The engine house is on fire? Oh, my.


 Even though Bronstein said at the beginning of the interview that several factors had contributed to the decline of newspapers, discussion focused on the internets. Among the problems are the fact

that Google turns a profit selling advertising partly due to news

content it pulls for free and that newspapers made the choice to allow

people free access to their online content. Colbert compared print

media's woes to that of the music industry when it was first learning

to deal with online file sharing, eventually turning the problem into

a money-making venture. It was hard to tell whether or not Bronstein

was joking when he pointed out that people who illegally downloaded

music were risking prison time, saying, "Maybe there should be a jail

term for people who don't pay for their news."

Bronstein allowed that the paper part of newspapers might go away. The

important thing to preserve, he said, was rooms full of journalists.

Blogs and the Huffington Post wouldn't be breaking news stories like child abuse in the Catholic Church, he said.

The conversation neatly summed up what we already don't know: How newspapers can gracefully and successfully transition from print to online and still manage to pay their reporters.

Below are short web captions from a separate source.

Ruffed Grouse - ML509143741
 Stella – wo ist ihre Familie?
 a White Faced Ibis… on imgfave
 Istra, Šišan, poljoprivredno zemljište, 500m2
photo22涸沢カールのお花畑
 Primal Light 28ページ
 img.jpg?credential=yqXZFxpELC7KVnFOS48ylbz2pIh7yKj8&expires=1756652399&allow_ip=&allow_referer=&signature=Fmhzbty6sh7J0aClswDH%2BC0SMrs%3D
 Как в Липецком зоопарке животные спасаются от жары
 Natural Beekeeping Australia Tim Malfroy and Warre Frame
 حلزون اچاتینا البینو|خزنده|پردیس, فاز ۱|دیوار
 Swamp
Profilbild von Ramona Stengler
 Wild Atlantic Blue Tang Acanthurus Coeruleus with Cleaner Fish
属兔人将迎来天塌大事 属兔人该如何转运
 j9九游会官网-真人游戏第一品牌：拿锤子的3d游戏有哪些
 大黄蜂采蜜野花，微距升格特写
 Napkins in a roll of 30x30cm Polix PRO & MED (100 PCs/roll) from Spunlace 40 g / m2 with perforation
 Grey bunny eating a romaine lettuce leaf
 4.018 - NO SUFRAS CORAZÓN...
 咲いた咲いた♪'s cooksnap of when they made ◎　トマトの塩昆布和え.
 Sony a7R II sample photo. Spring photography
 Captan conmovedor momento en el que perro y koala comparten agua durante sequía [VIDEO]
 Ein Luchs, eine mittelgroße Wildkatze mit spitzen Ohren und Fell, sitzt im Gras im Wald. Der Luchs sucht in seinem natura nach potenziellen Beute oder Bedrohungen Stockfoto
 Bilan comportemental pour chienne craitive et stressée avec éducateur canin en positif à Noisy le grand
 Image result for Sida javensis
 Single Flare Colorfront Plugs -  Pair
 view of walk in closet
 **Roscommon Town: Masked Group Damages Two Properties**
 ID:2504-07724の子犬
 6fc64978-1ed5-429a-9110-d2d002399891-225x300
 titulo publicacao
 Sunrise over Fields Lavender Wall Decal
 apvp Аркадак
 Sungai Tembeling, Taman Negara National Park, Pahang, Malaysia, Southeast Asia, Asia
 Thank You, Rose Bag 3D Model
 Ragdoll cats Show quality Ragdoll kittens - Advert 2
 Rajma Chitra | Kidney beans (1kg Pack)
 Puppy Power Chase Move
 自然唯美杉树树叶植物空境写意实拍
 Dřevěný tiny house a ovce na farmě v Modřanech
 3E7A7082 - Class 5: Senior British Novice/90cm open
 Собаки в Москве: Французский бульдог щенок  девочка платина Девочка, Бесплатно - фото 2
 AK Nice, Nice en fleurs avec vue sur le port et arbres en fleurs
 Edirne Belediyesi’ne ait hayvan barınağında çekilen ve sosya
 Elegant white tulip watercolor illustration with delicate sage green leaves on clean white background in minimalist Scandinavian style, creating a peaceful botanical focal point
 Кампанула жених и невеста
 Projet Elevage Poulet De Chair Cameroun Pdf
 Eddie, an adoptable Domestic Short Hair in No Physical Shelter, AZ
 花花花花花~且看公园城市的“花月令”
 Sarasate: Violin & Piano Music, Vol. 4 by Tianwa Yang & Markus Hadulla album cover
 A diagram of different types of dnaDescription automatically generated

Perhaps the most telling and outrageous moment of the evening was when

Bronstein told Colbert, " One of your interns was telling me she got

her news from AOL.com."

Ok, first of all, does this intern go around

telling the entertainment industry guests, "Oh, I never watch your

movies," or the professional sports players, "Baseball bores me?" Who

taught this intern manners?

Second (and most importantly): AOL? Seriously? Does this intern have

dial-up? Is he or she a grandparent? This intern works in media, on a show

that trades in current events, has the unlimited access to information

afforded everyone with an internet connection, and when

chatting with the former editor of a major newspaper the site that

floats to the forefront of his or her mind is AOL News?

Stephen Colbert, it is time to thin the ranks.


For Bronstein's take on his appearance, check back at his blog.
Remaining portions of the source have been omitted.